Has Chat GPT 3.5 turbo api gone up in price?

Hi all! I noticed that I had to pay $40 for 540 requests, when earlier I paid $1.7 for 750 requests. I tried to find news related to the price increase, but did not find it. Can anyone send a link to a similar post? I would like to know the reasons


Have you looked in your account section of the API website platform.openai.com and looks at which model was used? GPT-4 is more costly and so are fine tuned models, you should be able to find which ones were used. The prices have in fact only gone down, there have been no price rises that I am aware of.

1 Like

Also note that the 3.5 16k context model is more expensive, if you happened to switch over to that one.

You can view current pricing and compare to historical versions of the page at archive.org

1 Like

Please, review my screen. How I see, I use two type of 3.5 models - v0301 and v0613. But, I think, also this very expensive or I’m wrong in my calculations?

Here is a comparison for 28 and 10 July. The difference is huge (40x), the models are the same

It looks like your current token usage has gone way up. The price is per token, not request. Your screenshot shows that your recent usage has way more tokens.


Am I correct in assuming that users have begun to use more words? I thought about it, but too suspicious activity and from a certain point

To be sure, can you try logging the inputs and outputs? This is really the only way to see what is going on.

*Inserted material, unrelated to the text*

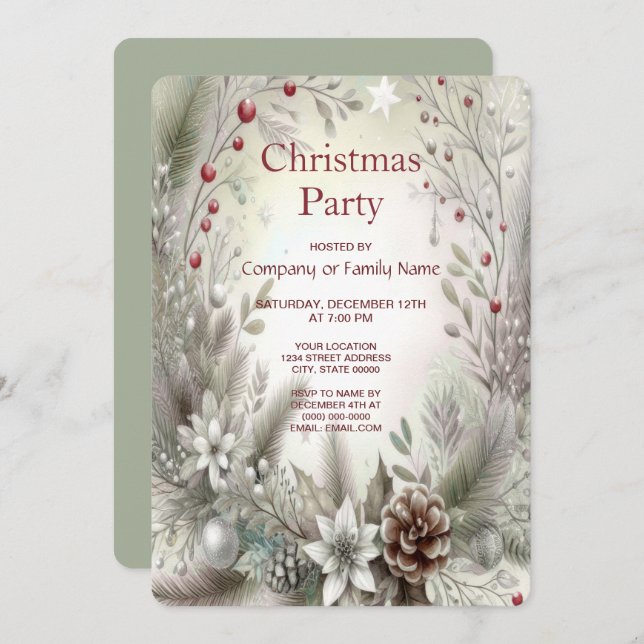 Weihnachts-Feiertag Einladung (Vorne/Hinten)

Did you recently make an update that uses more history? That could do it too.


At least some of your requests are certainly using more tokens in your prompt (see green highlights). Hard to provide any more insight without knowing what your app does. I’d say though that these aren’t crazy numbers. If you’re maintaining history or a user is pasting in some text/code those numbers aren’t out of line.


Thanks everyone for the info! The following questions - I wonder if it is possible to limit on the API side the number of words in a message that can come without a request from the user. And what practices are welcome to determine that my application is not purposefully killed offtopic (reading the sent content is prohibited by my own privacy policy, which I strictly adhere to)

Can you provide some more details about what your app is and what the use-case is?
You control all the requests to the API, so you can add any input limits or logic before you make the OpenAI call. You can also analyze the content/responses for relevancy for your use-case if thats appropriate (either through basic keyword searches or something more advanced).

Yes, the application performs the same function as ChatGPT itself - it provides answers to questions. If I limit the number of characters sent on the client, this will not affect the number of generated ChatGPT characters. I can add a prompt that is invisible to the user like “fit the answer in no more than 100 words”, but side effects are possible. We need control exactly in the possible number of words with the response API. I use the Android library for working with the API, which is indicated in the official guides, I did not find a similar function

You can specify max_tokens in your request, but know that it will abruptly cut off the response at that limit. I’d start with experimenting with adding/editing the system message and telling it to “Respond in a concise manner” or something like that.

Controlling it exactly will be difficult since it doesn’t really think in words. Best bet is to try to guide it with system prompt like I mentioned.

Also make sure you are limiting your user’s input too if you are concerned with costs.